A- : sharp satire of contemporary industrial management

See our review for fuller assessment.

The complete review's Review:

       The Award is set in an auditorium at a large French automobile factory. The action consists entirely of the awards-ceremony being held there, where workers (and the widow of one) and managers are being honoured in front of their colleagues. Each medal-winner is introduced by a speech by a manager (who have a tendency to get a bit carried away, and do go off-topic), and then the medal-winners get to speak -- so it goes, back and forth. Aside from a few parenthetical descriptions of the action on and around the stage, the book is made up up solely of these monologues.

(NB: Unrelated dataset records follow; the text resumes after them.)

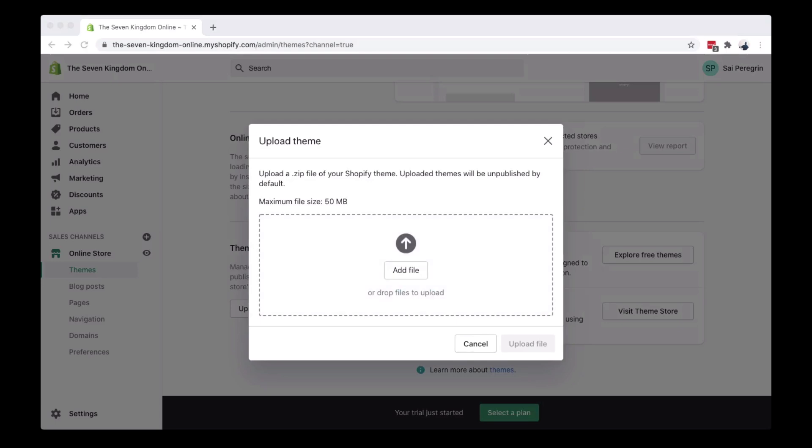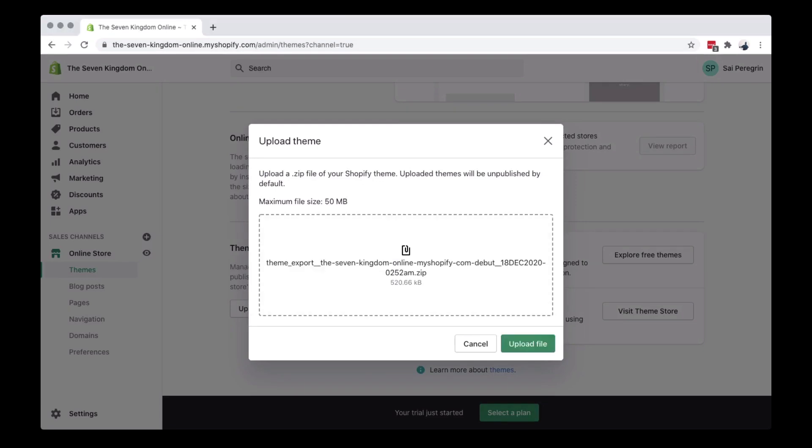You can drag and drop the zip file you downloaded and then upload it to your Shopify. Wait for it until it finishes uploading.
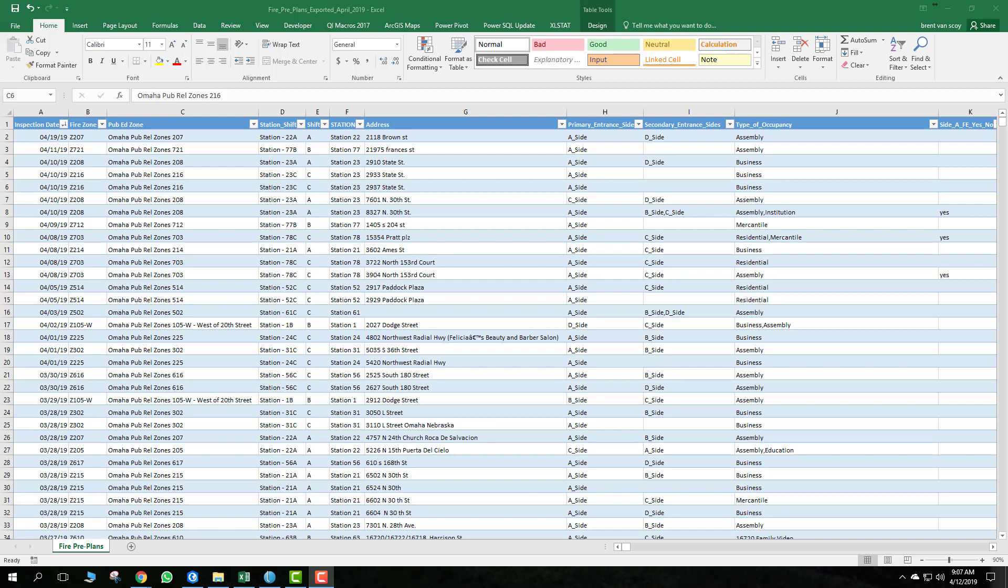With the rotation of the public education zone, I've had a bunch of requests for pre-incident plans that are already submitted. So I ran a query against the database, and I have this Excel file for you that has all the pre-incident plans that have been submitted already.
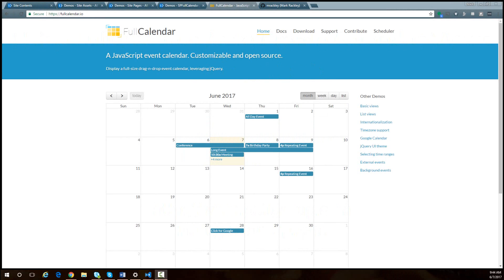In this video I'm going to walk you through the script on my blog that uses the jQuery library full calendar along with REST to read tasks from a SharePoint online task list and then display those tasks in the full calendar jQuery library so that you can use this library to create your own custom calendar views in SharePoint.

       Industrial relations have clearly gone awry here. The managers have embraced some supposedly worker-friendly ideas, but deep down there is little more than contempt and distrust of the workers, necessary evils (or, preferably, imbeciles) that have to be prodded and pushed to doing the bare minimum and are treated as though they are the enemy practically all the time. Those assembled here are the select: "Your conformity is perfect", is how the first speaker greets them. But he, like the other managers, can't help but point out what's (still) wrong and how things might be done better. And, boy, do they get carried away: barely a page into his speech the first speaker is already giving masturbation how-to advice (a change of company policy -- they no longer condemn it, indeeed advocate it "for those of you not wise enough to equip yourselves with a spouse"):

Pull your foreskin upwards, then downwards, like a piston. Repeat this movement from twenty to fifty times, according to need., while steadily increasing your speed. Next, wipe yourself off with a Kleenex, provided for your convenience in our latrines. We have anticipated your every necessity. Pull your pants back up and return to your place on the production line. You will get back to work with twice the enthusiasm.
       Indeed, they make it sound like all they want is a happy workplace:
We never surrender to discouragement. Your well-being is dear to our hearts and, if necessary, we will impose it upon you.

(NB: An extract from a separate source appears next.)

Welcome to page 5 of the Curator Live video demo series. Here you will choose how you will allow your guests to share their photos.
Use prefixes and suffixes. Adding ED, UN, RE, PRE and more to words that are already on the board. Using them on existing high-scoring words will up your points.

       The paternalistic corporation thinks it knows best, but the medal-winners tell quite a different story. True, they acknowledge complete devotion to the company, but mainly because they've been broken by it, and have no other place. Their lives revolve around their work entirely. The working conditions are terrible, the work itself either numbing or dangerous (or both). These are not happy people.
       Driving home the point that management's sunny vision isn't working out the way imagined is the fact that during the speeches news comes of agitators in the plant: workers causing greater and greater trouble, until in the end they storm the auditorium itself. But the order of the day is still hard to upset.

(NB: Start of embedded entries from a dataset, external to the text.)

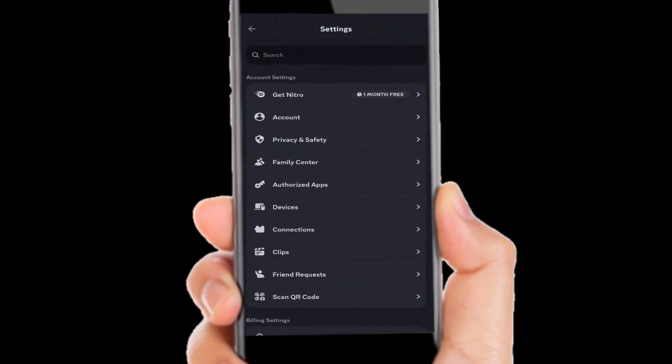Once you're in the settings, right near the top underneath 'Get Nitro', you'll see the Account option. Select Account.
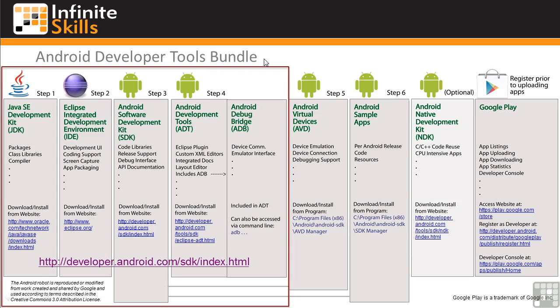But remember, if you've loaded the ADT bundle, you don't have to individually load the tools inside the red outline box in this graphic. You should, however, watch the lessons on these individual tools to get a good understanding of what they do and how to use them.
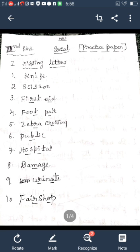Sixth word: Public — P-U-B-L-I-C. Seventh word: Hospital — H-O-S-P-I-T-A-L. Eighth word: Damage — D-A-M-A-G-E. Ninth word: Urinate — U-R-I-N-A-T-E. Tenth word: Fair Shop — F-A-I-R, S-H-O-P.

       The too-honest management-speak Salvayre offers is often hilarious, from calls for: "Ladies and Gentlemen, exploit yourselves. Think only of what you have to gain", to various new decrees -- one going so far as to acknowledge:
     Our experts studied the death penalty issue. They propose that we strive to compensate for the glaring inadequacies of the penal system. We are very enthusiastic about this suggestion. We rejoice in serving our country and employing our ideas for the greater glory of the Republic.
       Workers are expected to make the ultimate sacrifices: one medal-winner notes that just the previous week one of his workers died on the production line, and he had to face the choice of stopping the line or continuing. Obviously he insisted on pressing on -- "we have production quotas" -- but did so as much because that was his original gut instinct and order, and he couldn't be seen to change his mind, no matter what pressure his workers put on him (such as calls to his humanity and to human dignity -- fairly foreign concepts on this workfloor, to be sure). Another medal-winner is actually dead; his widow speaking in his stead.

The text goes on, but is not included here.